# What kind of algae eater is this?



## Stinky (Jun 18, 2009)

Could an expert identify this one? I looked but I can't be sure what this is. Supposedly the "false algae eater" has a light band above the dark one like this one seems to have, while the true "siamese algae eater" does not. The dark band doesn't seem to go into the tail on this one, either, but none of the fins are yellow, just white. Neither can I see any barbels clearly. This fish won't stand still if you get close to it so it's very hard to get a close look at it much less take a pic. It also doesn't look like a "chinese algae eater" from pictures I'm seeing. So is it just a false after all, or some kind of hybrid? If it's a false, do they also eat algae anyway? Because this one is doing that.


----------



## Auban (Aug 8, 2010)

its a chinese algae eater. you can tell by its general shape, as well as the spots along its back. they often have a little more pattern on them, but it is not uncommon to see them with more or less just a line running down it and some faint spots on its back.

true siamese algae eaters have a very small mouth compared to your fish, and the black line extends into the tail. they are also a pretty dull silvery color with practically no color in the fins.


----------



## Sherry (Nov 22, 2011)

It is a small chinese algea eater. When they are small they do eat a bit of algea, but when they get larger (they can grow to 11 inches ) they get very lazy and eat no algea at all. Mine is 5 inches long. They are supposed to become very aggressive when they get large. I have a home for him when he does. Right now he is fine. His diet consists of sinking shrimp pellets, algea wafers, and veggie wafers. They are nice fish, just keep an eye on him, and have a rehome ready for him if and when he turns aggressive.


----------



## Stinky (Jun 18, 2009)

Thanks for letting me know. About the aggressiveness, I've heard conflicting info. Some say these must be alone as adults, others say a big enough tank with a lot of hiding places are enough in a community. Also, some seem to say that the different species of chinese algea eaters aren't all as aggressive, but still fairly aggressive. Well, I hope I can keep it stable long enough before it becomes aggressive. I think this is not a popular fish and it's not very well known.


----------



## jbrown5217 (Nov 9, 2011)

Your conflicting info comes from different experiences. Remember that each fish has its own personality, there are general assumptions we can make about a species because of known characteristics of a species, but actual happenings is very dependent on the fish.

A common example are betta fish. They are generally seen as aggressive fish that can't be in a community tank because of their aggressiveness. I've seen posts on here that contradict this common advice and that person has the most easy going betta ever. But I have also seen posts that discuss the terror that the betta was causing to the persons guppies or neons or fish name here.
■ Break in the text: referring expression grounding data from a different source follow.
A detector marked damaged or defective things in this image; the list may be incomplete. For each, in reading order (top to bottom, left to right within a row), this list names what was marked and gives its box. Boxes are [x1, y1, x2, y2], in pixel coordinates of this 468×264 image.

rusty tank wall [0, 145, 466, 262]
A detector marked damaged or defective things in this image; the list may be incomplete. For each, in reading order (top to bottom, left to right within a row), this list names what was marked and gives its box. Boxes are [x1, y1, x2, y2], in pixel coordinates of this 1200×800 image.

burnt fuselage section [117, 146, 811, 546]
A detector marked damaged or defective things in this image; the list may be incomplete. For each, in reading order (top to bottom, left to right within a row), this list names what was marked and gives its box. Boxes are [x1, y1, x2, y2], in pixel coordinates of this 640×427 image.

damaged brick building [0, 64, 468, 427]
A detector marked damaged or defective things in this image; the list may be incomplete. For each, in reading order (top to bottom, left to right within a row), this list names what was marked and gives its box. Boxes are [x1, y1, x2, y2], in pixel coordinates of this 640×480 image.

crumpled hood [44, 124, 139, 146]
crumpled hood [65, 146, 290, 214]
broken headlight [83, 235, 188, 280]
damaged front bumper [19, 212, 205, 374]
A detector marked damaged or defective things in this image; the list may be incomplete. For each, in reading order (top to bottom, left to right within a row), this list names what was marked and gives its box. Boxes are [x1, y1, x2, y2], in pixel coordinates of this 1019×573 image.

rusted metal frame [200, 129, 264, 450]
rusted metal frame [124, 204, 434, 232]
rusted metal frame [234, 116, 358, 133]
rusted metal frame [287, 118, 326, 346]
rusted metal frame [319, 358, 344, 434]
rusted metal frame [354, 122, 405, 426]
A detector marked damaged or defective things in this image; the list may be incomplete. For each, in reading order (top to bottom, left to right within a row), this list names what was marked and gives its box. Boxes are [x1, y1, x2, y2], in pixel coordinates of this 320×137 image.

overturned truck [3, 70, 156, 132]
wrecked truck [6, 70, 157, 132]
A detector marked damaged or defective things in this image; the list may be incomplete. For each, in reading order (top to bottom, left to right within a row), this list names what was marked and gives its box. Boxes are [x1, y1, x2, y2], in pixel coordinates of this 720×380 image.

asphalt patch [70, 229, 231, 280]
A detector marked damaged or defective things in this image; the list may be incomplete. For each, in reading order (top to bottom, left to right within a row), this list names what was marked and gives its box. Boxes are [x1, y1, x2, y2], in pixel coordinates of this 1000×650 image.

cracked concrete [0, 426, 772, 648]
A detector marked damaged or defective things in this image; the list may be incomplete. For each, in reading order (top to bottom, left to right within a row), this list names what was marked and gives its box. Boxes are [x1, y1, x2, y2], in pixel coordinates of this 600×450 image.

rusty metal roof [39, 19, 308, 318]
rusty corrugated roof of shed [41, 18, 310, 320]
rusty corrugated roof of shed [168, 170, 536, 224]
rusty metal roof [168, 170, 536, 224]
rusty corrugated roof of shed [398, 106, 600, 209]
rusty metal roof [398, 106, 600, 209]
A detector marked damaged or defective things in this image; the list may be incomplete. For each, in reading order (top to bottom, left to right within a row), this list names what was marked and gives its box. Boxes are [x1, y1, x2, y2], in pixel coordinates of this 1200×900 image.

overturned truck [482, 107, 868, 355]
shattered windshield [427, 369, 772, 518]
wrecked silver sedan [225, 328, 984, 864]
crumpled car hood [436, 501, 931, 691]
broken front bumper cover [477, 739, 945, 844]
Watch the personality of the fish and if it needs to be moved ultimately that is what may need to happen


----------



## Stinky (Jun 18, 2009)

Yeah, you got that right. A lot of different fish of the same species can act very different, sometimes totally opposite. I just didn't want to seem wishy or anything, I'm just used to very technical forums and they always jump on you if you're not totally accurate. I think everyone that's kept fish for a while has noticed that different fish of the same kind can sometimes act differently in an aquarium environment. With dog breeds this is common knowledge (even though all the breeds are technically the same species), but fish probably not.


----------